Film-Tech Cinema Systems
Film-Tech Forum ARCHIVE


  
my profile | my password | search | faq & rules | forum home
  next oldest topic   next newest topic
» Film-Tech Forum ARCHIVE   » Operations   » Film Handlers' Forum   » Main Drive gears wearing out too fast

   
Author Topic: Main Drive gears wearing out too fast
Michael Rourke
Expert Film Handler

Posts: 159
From: San Luis Obispo, Central Coast of CA
Registered: Feb 2002


 - posted 03-29-2005 12:58 PM      Profile for Michael Rourke   Email Michael Rourke   Send New Private Message       Edit/Delete Post 
I went and changed all my main drives on my Century's and less than 1 year later I have had 3 break. I chalked it up to the rebuilt intermittents being too hard on the main drive, but I've looked at all of them and they are all ready to be changed again.
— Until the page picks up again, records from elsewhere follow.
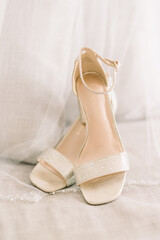 Obraz premium Elegant wedding shoes on a chair. 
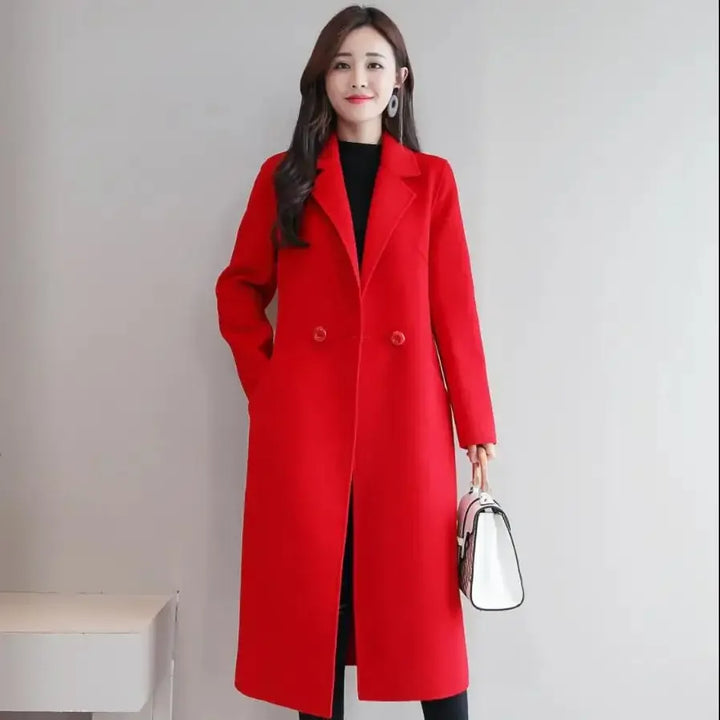 Women's Loose-Fit Woolen Overcoat – Medium-Length Korean Style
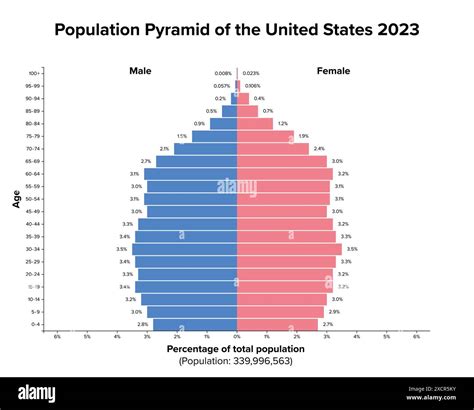 Population pyramid of United States 2023. Age structure diagram and ...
These are the Lavezzi gears, at first I didn't know because they came in a bag, but the last two I ordered came in little sealed Lavezzi boxes. Has anyone had similar problems? I know Lavezzi as a good source of parts, but I ordered some main drives from Wolk this time and I'll let you know how those hold up.

 |  IP: Logged

Gordon McLeod
Film God

Posts: 9532
From: Toronto Ontario Canada
Registered: Jun 99


 - posted 03-29-2005 01:03 PM      Profile for Gordon McLeod   Email Gordon McLeod   Send New Private Message       Edit/Delete Post 
Did you replace the steel one at the same time as it may be the one cutting up the fiber one

 |  IP: Logged

Michael Rourke
Expert Film Handler

Posts: 159
From: San Luis Obispo, Central Coast of CA
Registered: Feb 2002


 - posted 03-29-2005 01:10 PM      Profile for Michael Rourke   Email Michael Rourke   Send New Private Message       Edit/Delete Post 
No I didn't replace the steel ones, could they be responsible for all 7 of the main drives wearing out too fast?

I don't think that is why, because I changed just a main drive gear on a projector about 6 years ago and that got chewed up by a crappy Strong rebuilt intermittent, who knows how long it would have lasted. I am thinking that the gear itself is weaker to begin with now.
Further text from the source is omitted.